Weight-Loss Surgery at Parkwest Helps Cancer Survivor Live Her Best Life
Nicole Jenkins is a businesswoman, wife and mother who lost 145 pounds following weight-loss surgery at Parkwest Medical Center. The Sevierville woman, now a resident of Orlando, Florida, says she couldn’t be happier with her new lifestyle. Jenkins says, “I was always curvy. I have had four children and over time, I steadily put on weight.” Two years after weight-loss surgery, the almost-50-year-old says she feels 20 again. Several years before seeking bariatric surgery, Jenkins received devastating news. In 2015, she was diagnosed with a rare, aggressive type of breast cancer. While living in Tennessee, she underwent chemotherapy, radiation and a partial mastectomy. It was tough, but she was tougher. Jenkins says that she knew if she could beat cancer, she could do anything.
Flipping the Switch
“After beating cancer, we went to Dollywood.
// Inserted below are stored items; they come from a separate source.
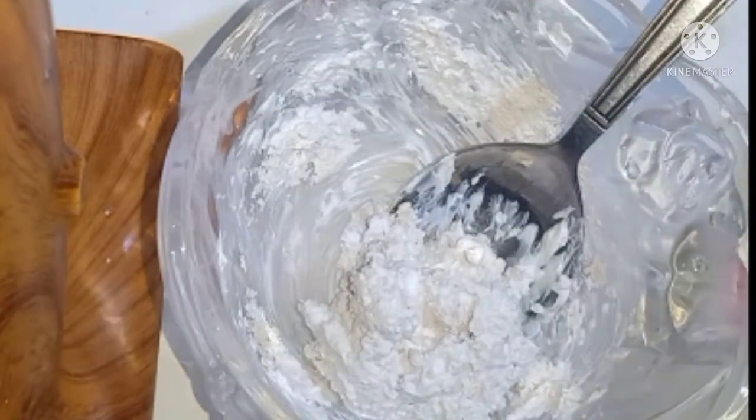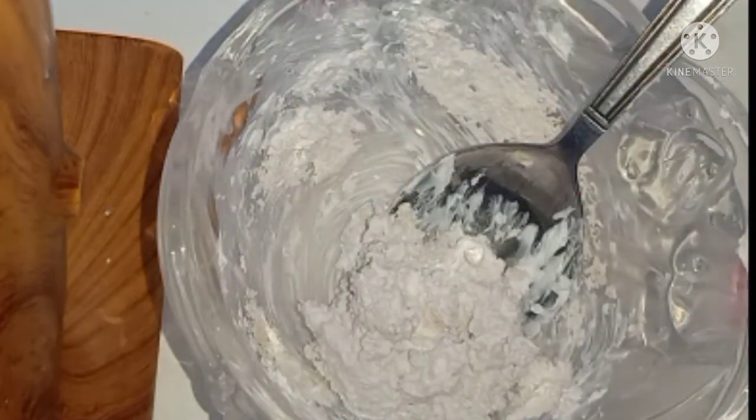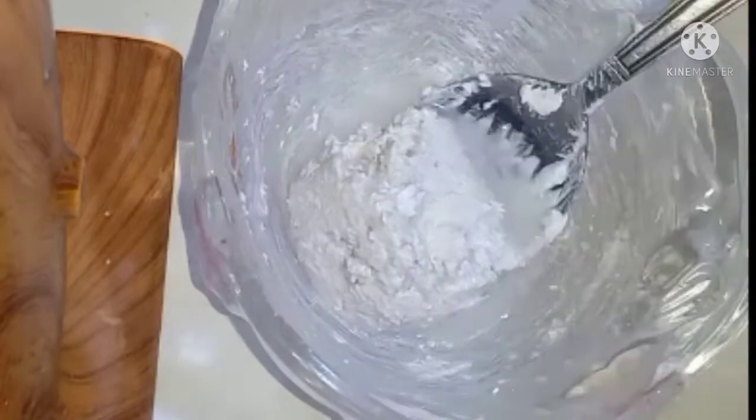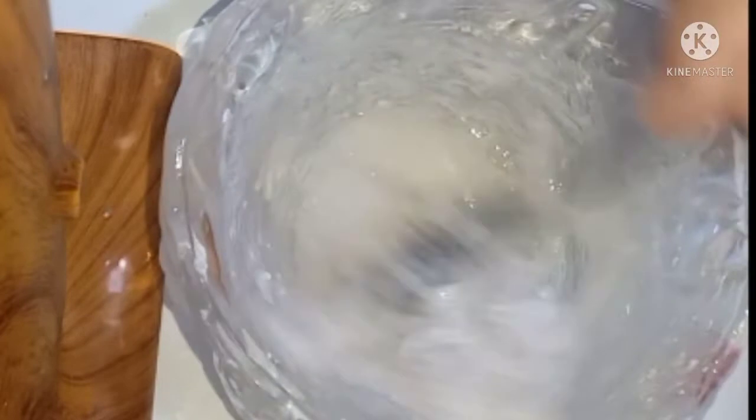زيت جوز الهند حلوة قوي للبشرة. فأنا هحط معلقة أو معلقتين من زيت جوز الهند. وهبتدي إن أنا أقلب كل ده. عايزة الكريم ده يفك ويدوب خالص.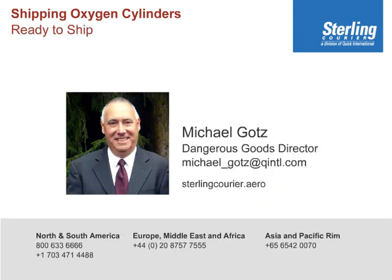This concludes this video. Thank you for your attention. You are invited to call Quick Customer Service or Sterling Customer Service. We are more than happy to assist you with the more complicated details of these shipments. Thanks again for your attention.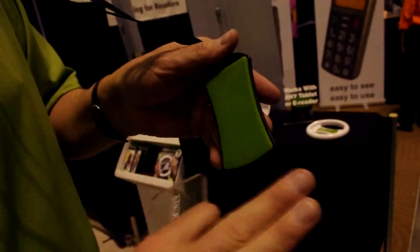And if it becomes to the point where it doesn't stick, you just rinse it in water, let it air dry, and it's back to full strength again.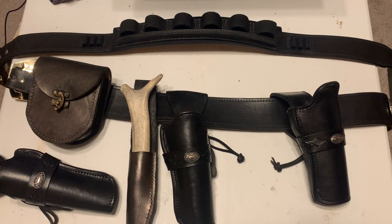Hey folks! Welcome or welcome back to the channel. My name is Mordecai the Hunter and today I wanted to talk about the leather that I wear for cowboy action and why I chose it.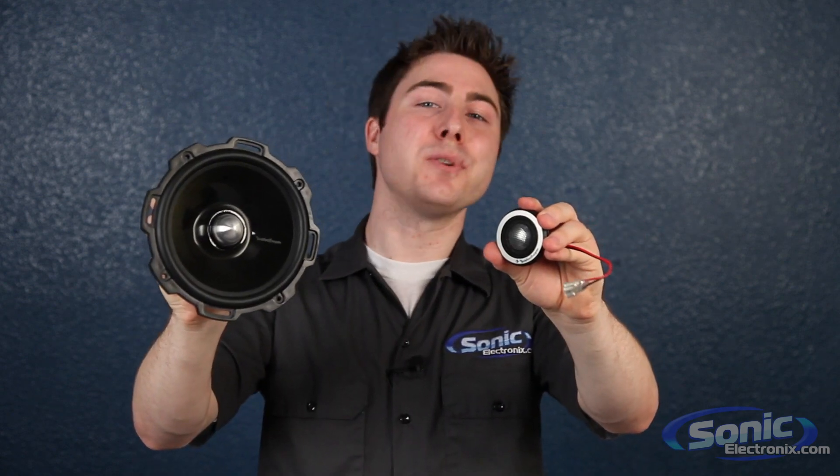Hey, this is Seth from Sonic Electronics, and these are the Rockford Fosgate T2 component speakers.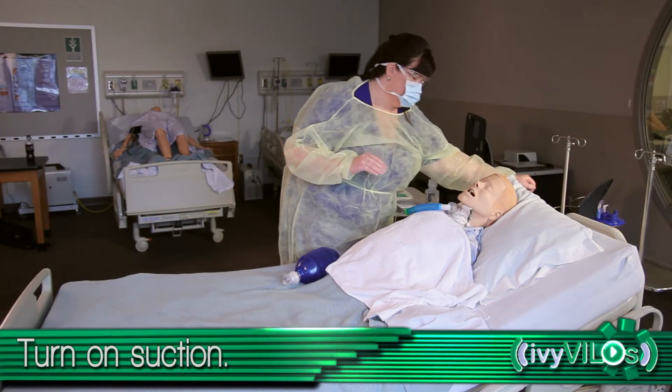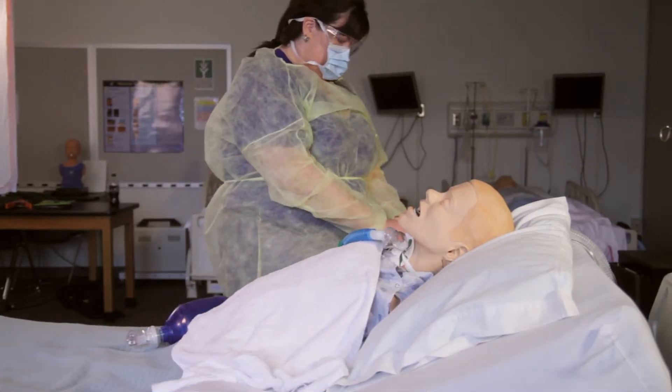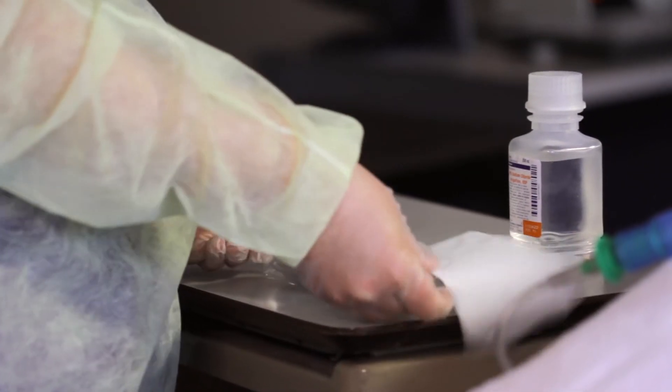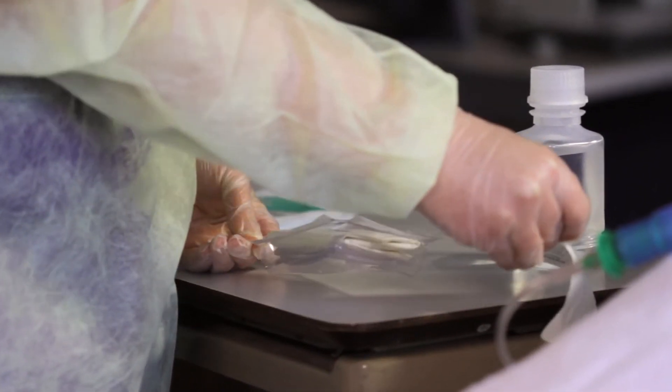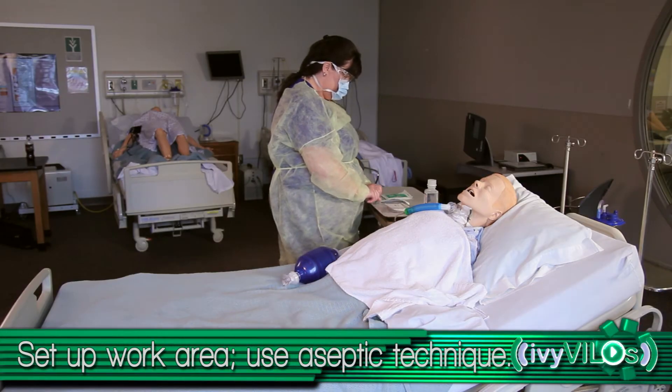Turn on suction. Open sterile suction package using aseptic technique. Open the wrapper away from you. Set up the work surface and pour saline into container if needed.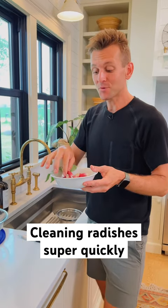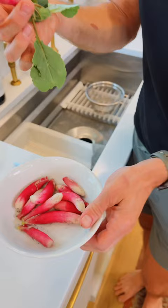Whether you grow radishes, bring them in and they look dirty after you pick them, or you bring them home from a farmer's market or the grocery store and they're just dirty, there's actually a really simple way to clean them that I do every time that makes sense.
I was embarrassed when they had to stop the line to get me a seatbelt extension. It was one of the most humiliating moments of my life, because I was holding up the ride.” In that moment, like flipping a switch, Jenkins resolved to do something about her weight and how she felt about her body. “I fought too hard to live just to die because of being over- weight,” she says. At her heaviest, Jenkins weighed about 270 pounds, which strained her small 5-foot-3-inch frame. She was hesitant about bariatric surgery, but many of her fears subsided after she met the doctor who would be performing her procedure.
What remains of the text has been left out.